[Records drawn from a dataset]

============================================================

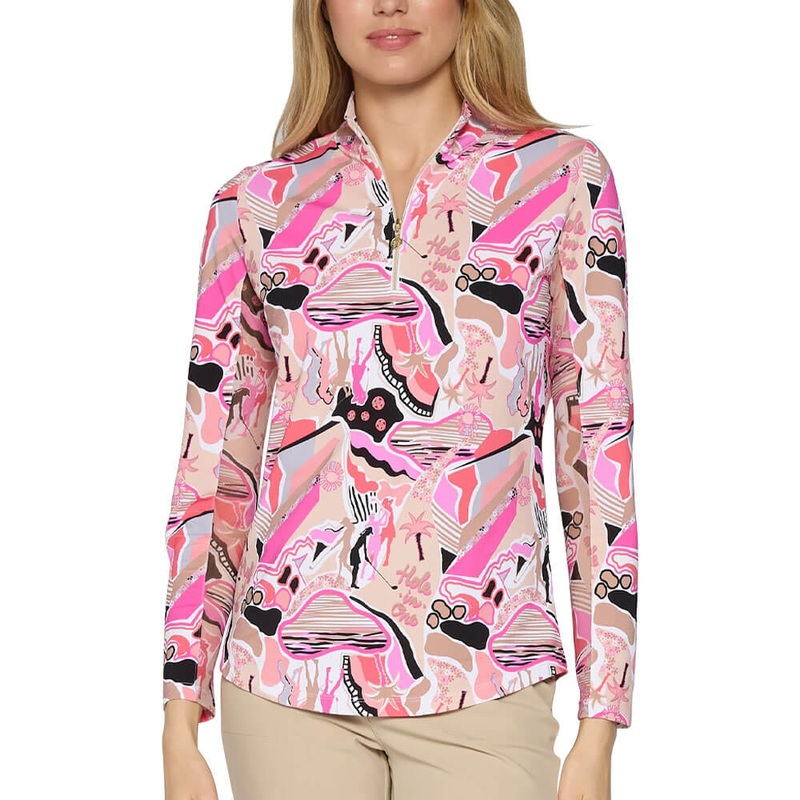 G Lifestyle Q Zip Sun Protection Golf Pullover Beige Golfer – SS25 Women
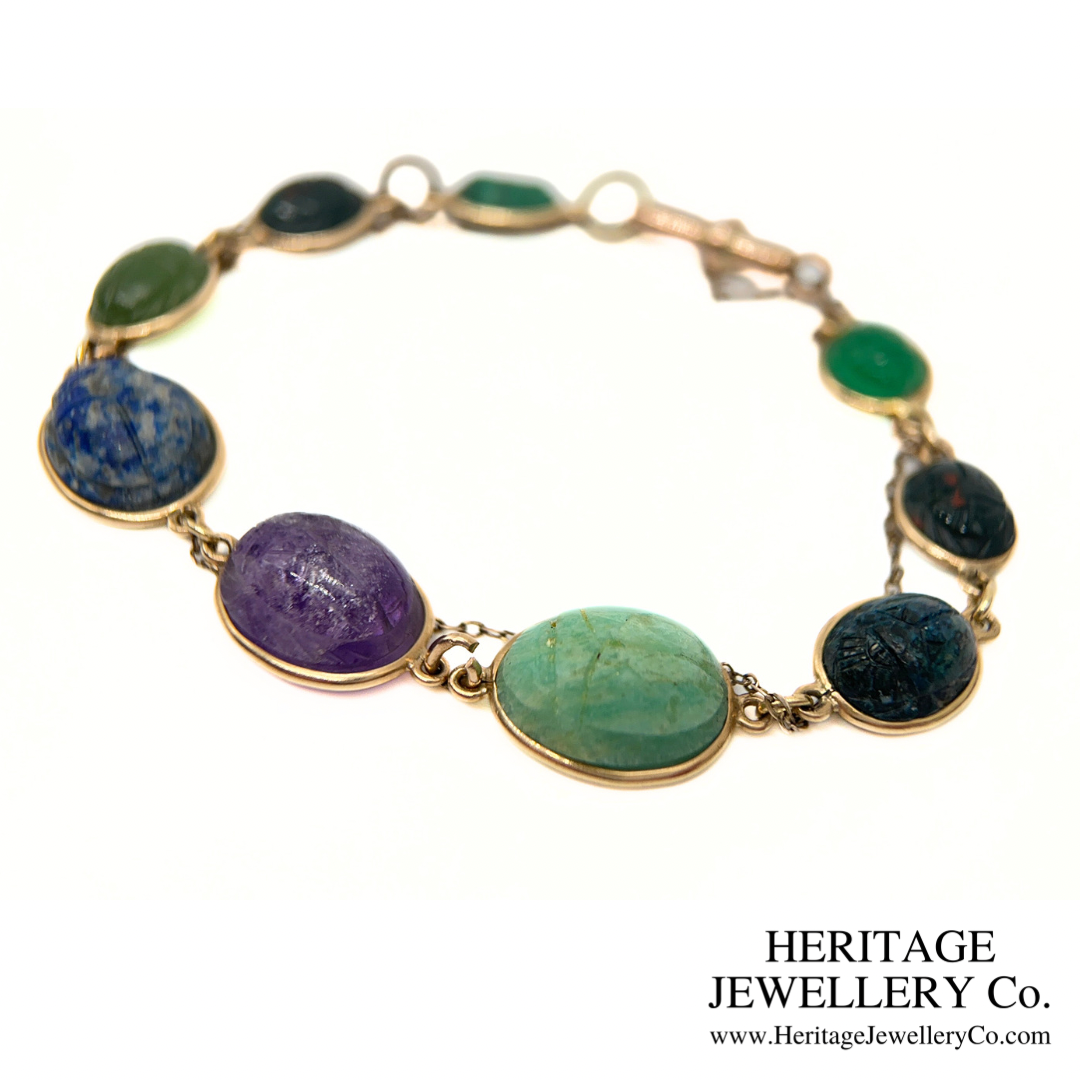 Victorian Egyptian Revival Gemstone Scarab Bracelet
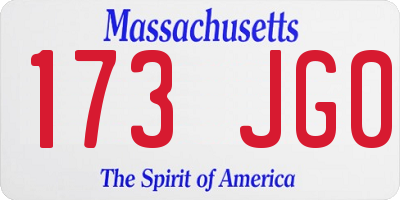 MA license plate 173JG0
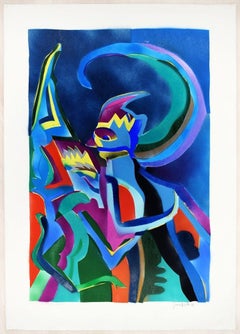 Abstract Colored Composition - Original Screen Print by Gianpistone - 1970s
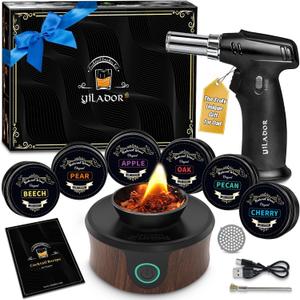 Electric Whiskey Smoker Kit with Torch, Unique Whiskey Gifts for Men, 6 Wood Chips  Infuse Rich Smoky Flavors in Bourbon Old Fashioned & Cocktails, Birthday Gifts for Dad, Husband (No Butane) (Unique Gift Set(99% Whiskey Lovers' Picks))
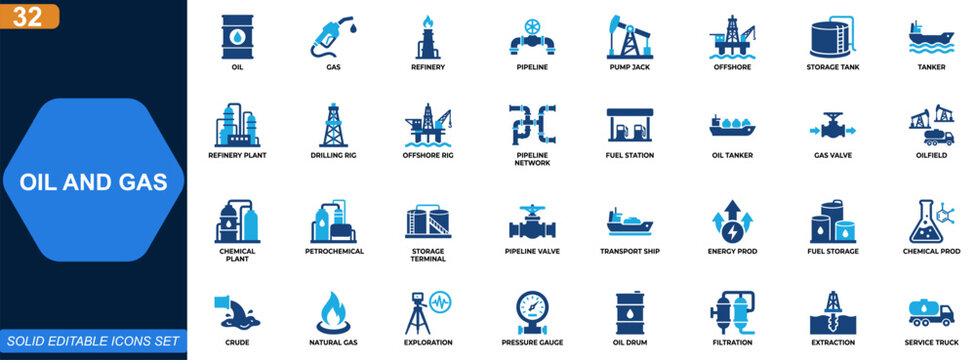 Oil and gas industry icon set. Petroleum, drilling, refinery, pipeline, energy, fuel, offshore platform, storage, petrochemical, tanker transport. Editable icons collection. Vector.
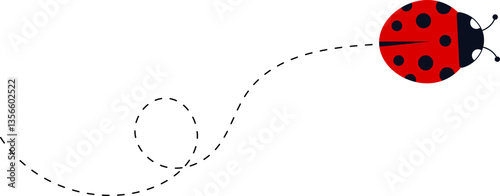 Cartoon ladybug icon set. Ladybugs flying on dotted route. Cute ladybug characters collection. Ladybug with dotted path. Ladybugs flying on dotted route. Vector illustration isolated on white.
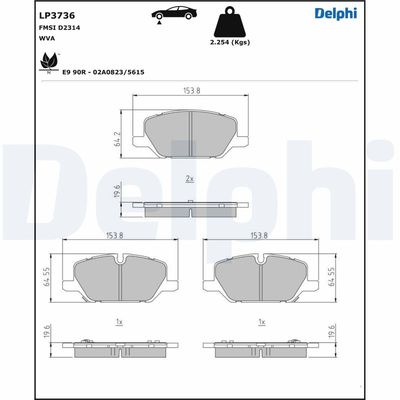 Brake Pad Set, disc brake DELPHI LP3736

============================================================

Brief → Omitting all pictures, restate word for word the lines from the one containing "Abstract Colored Composition" through the last line of the data.

Reply →
 Abstract Colored Composition - Original Screen Print by Gianpistone - 1970s
 Electric Whiskey Smoker Kit with Torch, Unique Whiskey Gifts for Men, 6 Wood Chips  Infuse Rich Smoky Flavors in Bourbon Old Fashioned & Cocktails, Birthday Gifts for Dad, Husband (No Butane) (Unique Gift Set(99% Whiskey Lovers' Picks))
 Oil and gas industry icon set. Petroleum, drilling, refinery, pipeline, energy, fuel, offshore platform, storage, petrochemical, tanker transport. Editable icons collection. Vector.
 Cartoon ladybug icon set. Ladybugs flying on dotted route. Cute ladybug characters collection. Ladybug with dotted path. Ladybugs flying on dotted route. Vector illustration isolated on white.
 Brake Pad Set, disc brake DELPHI LP3736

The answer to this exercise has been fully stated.